1. Much of natural theology has been constructed in this way. It assumes that God is, and then undertakes to show what God is like. Man is capable of fashioning and combining existing materials, and directing them to the accomplishment of new results. So he thinks of a God like himself, a creator. He is capable of directing his materials to serve a definite and intelligent end. So he ascribes skill and design to the creator, and by his observation of the adaptation of means to ends in the world, that belief is confirmed. He is a father or king ruling by laws which he enforces by rewards and punishments. So his maker is argued to be his governor, who will bless his obedience and punish his sin.
2. Much of both so-called orthodoxy and heterodoxy has been constructed in this way. Arianism arose out of the transfer of human paternity to the divine nature. Calvinism starts with a sovereignty of God built upon the idea of remorseless human despotism. Many other theories, particularly some prevalent in the present day, proceed upon the assumption that God’s thoughts are as our thoughts, and His ways as our ways.
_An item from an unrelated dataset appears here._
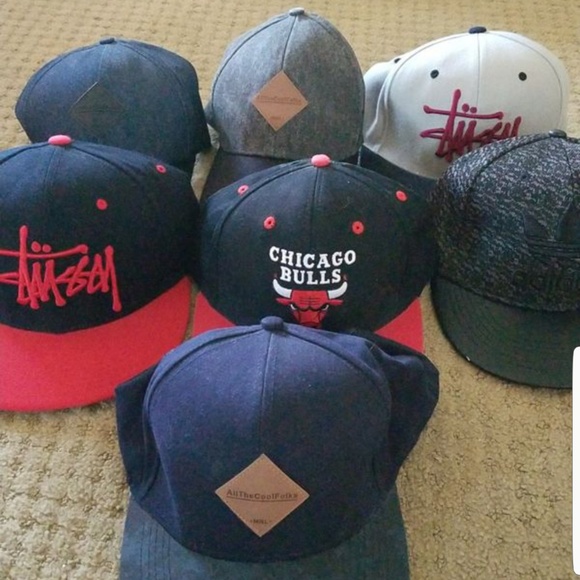 Snap back hats - Picture 1 of 1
3. The various heathen mythologies have been built up in this way. Very few are disposed to deny that the spiritual unity of God was the primitive belief of mankind. St. Paul shows the process from this to the most debasing forms of idolatry (Romans 1:18). Sin darkened man’s understanding and led his reason astray. It is easy to see how the divine attributes might have become dissociated, then made to represent independent divine forces, and then separate divine persons. It is also easy to see how these independent persons could be symbolised by natural powers and objects supposed to be most like them; and it is only a step further to manufacture a permanent symbol; and hence idol worship. Thus the progress of symbolism was first downwards from God, then upwards to Him. Nature worship was the earliest form of idolatry. Then human. The gods of nature were endowed with human attributes and forms, and heroes and ancestors were deified. The process went on till not a natural object, beautiful or monstrous, good or malign, and not a single human quality, good or bad, wise or ridiculous, but had its temple, peculiar, and in many cases consistent, worship, and its symbolical form. The difficulty became to distinguish what was not divine. What an exposition of “Thou thoughtest I was altogether such an one as thyself”!
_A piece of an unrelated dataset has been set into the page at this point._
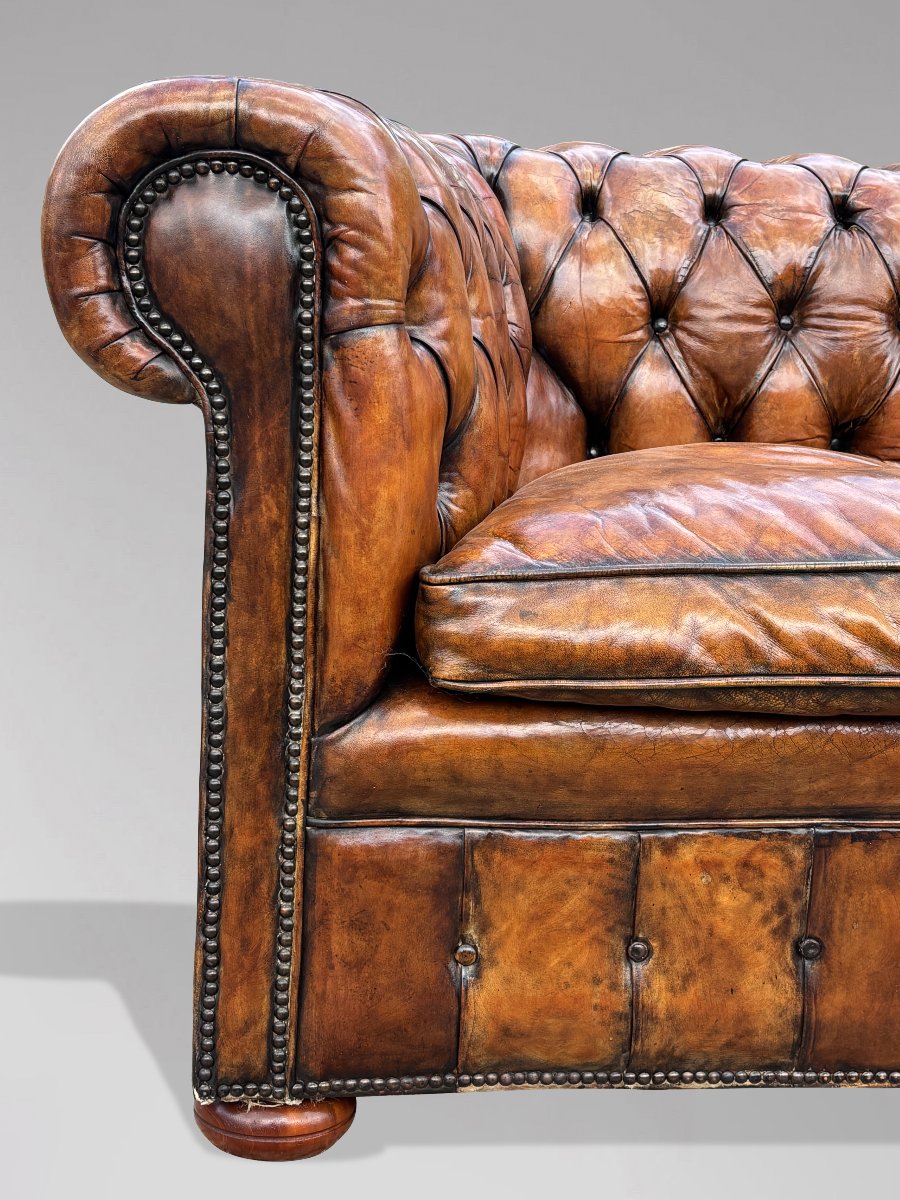 19th-century Victorian-period Brown Leather 3-seater Chesterfield Sofa-photo-1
4. “The fundamental position of rationalism is, that man by his own reason can attain to a right conception of God.” “Fools, to dream that man can escape from himself, that human reason can draw aught but a human portrait of God! They do but substitute a marred and mutilated humanity for one exalted and entire; they add nothing to their conception of God as He is, but only take away a part of their conception of man.”—Mansel.
III. That the Bible gives us a revelation of all that may be known of God in a manner suited to our faculties and saving to our soul. “The infinite cannot be grasped within our thoughts, nor within any limits, for on all sides it has no limits. To know God in His infinity is impossible, but to know much respecting the God who is infinite is quite another thing, and may be grandly possible.”—Dr. J. Young. The Biblical representations of God are very bold, but they are carefully guarded; and the difference between the symbolism which is the result of human speculation and that of divine revelation is, that the former degrades the Deity, the latter guides the human mind to transcend itself and lifts it up to the idea of infinite perfection. We may see notably in the mystery of the Incarnation, “the light which was manifested, that He the Eternal Son might reveal to men the Father whom no man hath seen or can see.… Parable after parable led men from earthly relations to those of the kingdom of heaven … the sower, the householder, the bridegroom, the father, the king.… But it was much more in Himself.… It was through His human nature as the Son of Man that men were to approach to a knowledge of the divine mind.… We who believe that the Word was in the beginning with God and was God, became flesh and tabernacled amongst us, … can enter into the meaning of the words, ‘The only begotten Son which is in the bosom of the Father He hath declared Him,’ and listen with awe and adoration to that which, if it were not true, would have been a blasphemy to make us shudder: ‘Have I been so long time with you, and yet hast thou not known me, Philip? He that hath seen Me hath seen the Father.’ ”—Plumptre.
IV. These considerations lead us to the following conclusions.
1. That the question of our text must remain unanswered. God, like every other great truth, is incapable of full definition, whether by words or illustrations.
The most perfect painting conveys no adequate idea of the sun. The most perfect model only faintly resembles a flower. The ablest disquisition leaves the mystery of life unsolved.
2. That God has given us similitudes of what is best and holiest within the grasp of man’s feeble intelligence, that every one may be able to form some conception of His character and will. The hem of the garment was enough for the poor woman in the gospels; so our notions of power, wisdom, love, &c., are permitted faintly to illustrate the infinite perfections of God.
3. That God has given us these illustrations to lead us up to Himself. He tells man what He is like, that man may know by spiritual apprehension and indwelling what He is.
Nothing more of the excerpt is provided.